- Education: Laurentian University; University of Toronto; Washington International University;
- Occupations: Administrator, activist, politician, philanthropist
- Employer: Retired
- Known for: Conservative Party of Canada; Progressive Conservative Party of Manitoba;
- Political party: Conservative
- Movement: Healthcare reform

= Linda West =

Canadian politician

Linda West is a Canadian administrator, activist and politician. She has been a candidate for the Conservative Party of Canada and the Progressive Conservative Party of Manitoba. She is also known for her involvements in several volunteering organizations like Rotary Club of Parry sound, Habitat for Humanity, Community Business and Development Centre, The Parry Sound Area Founders Circle etc. She received the Order of Parry Sound in 2020 for community services and supports during the COVID-19 pandemic.

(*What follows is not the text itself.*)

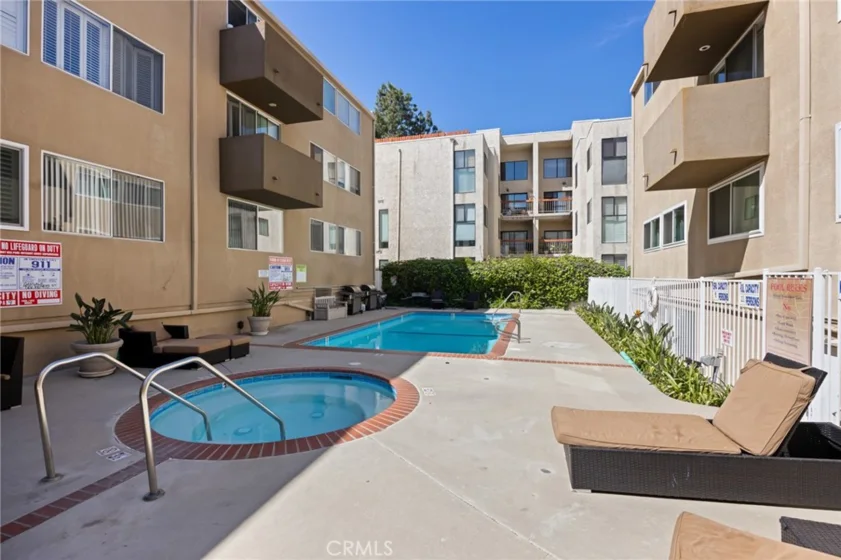14141 Dickens #312 photo 30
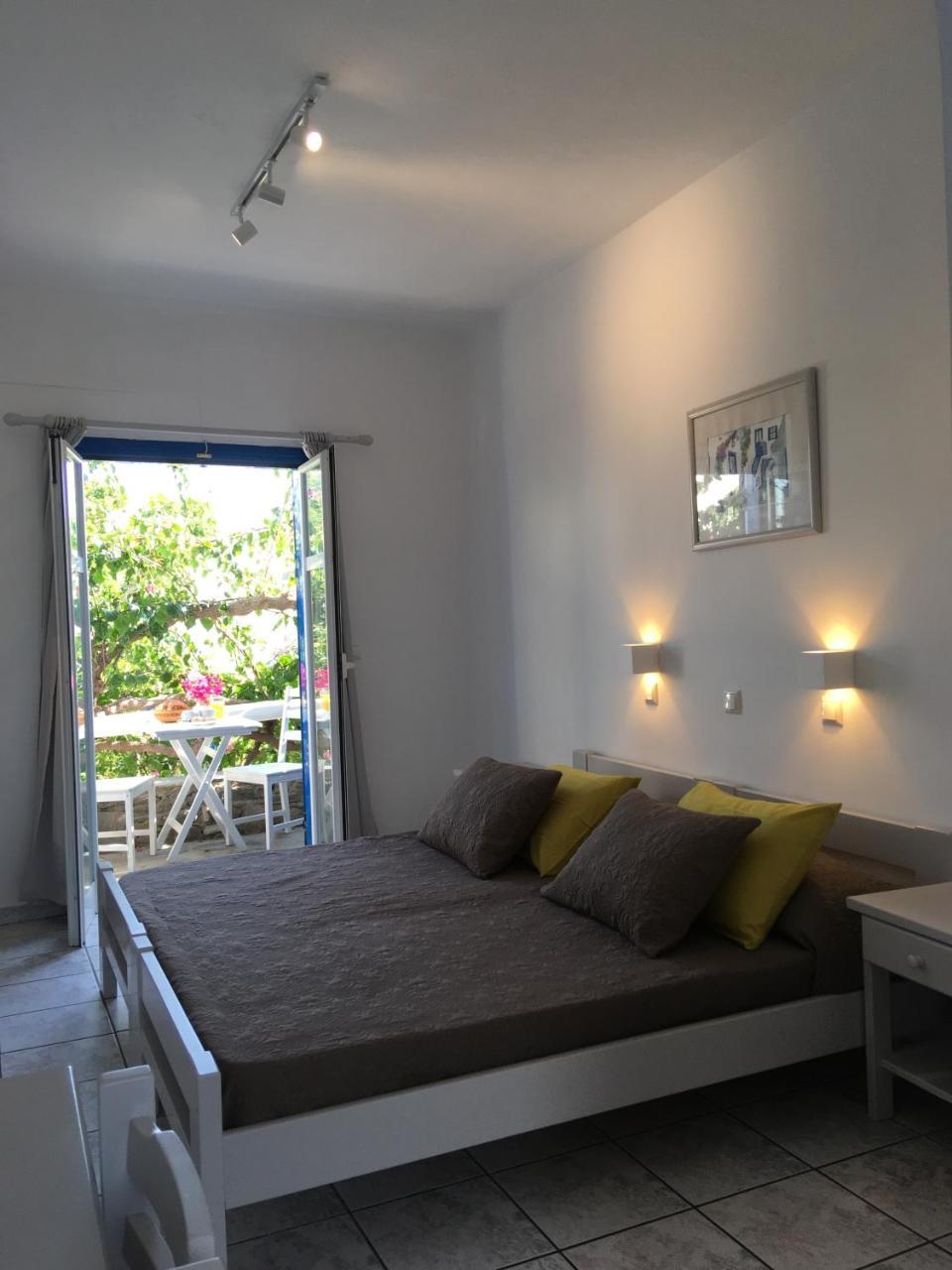 Stefano Apartments Науса Екстериор снимка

As on 2021, she is known for serving as the president of Rotary Club of Parry Sound and for winning Rotary’s most prestigious award, Service Above Self.

==Education==
West has a Bachelor of Arts degree from Laurentian University and a Master of Business Administration specializing in Health Care from the University of Toronto. She also holds a Ph.D. from Washington International University, an unaccredited institution incorporated in the British Virgin Islands.

==Career==
West was executive director of the James Bay General Hospital from 1992 to 1995, and of the Winnipeg River Health District from 1995 to 1997. From 1997 to 2000, she was executive director of labour relations for Manitoba Health. She has also been a health policy consultant for the Progressive Conservative Party of Manitoba, and has taught nursing and business at the University of Manitoba.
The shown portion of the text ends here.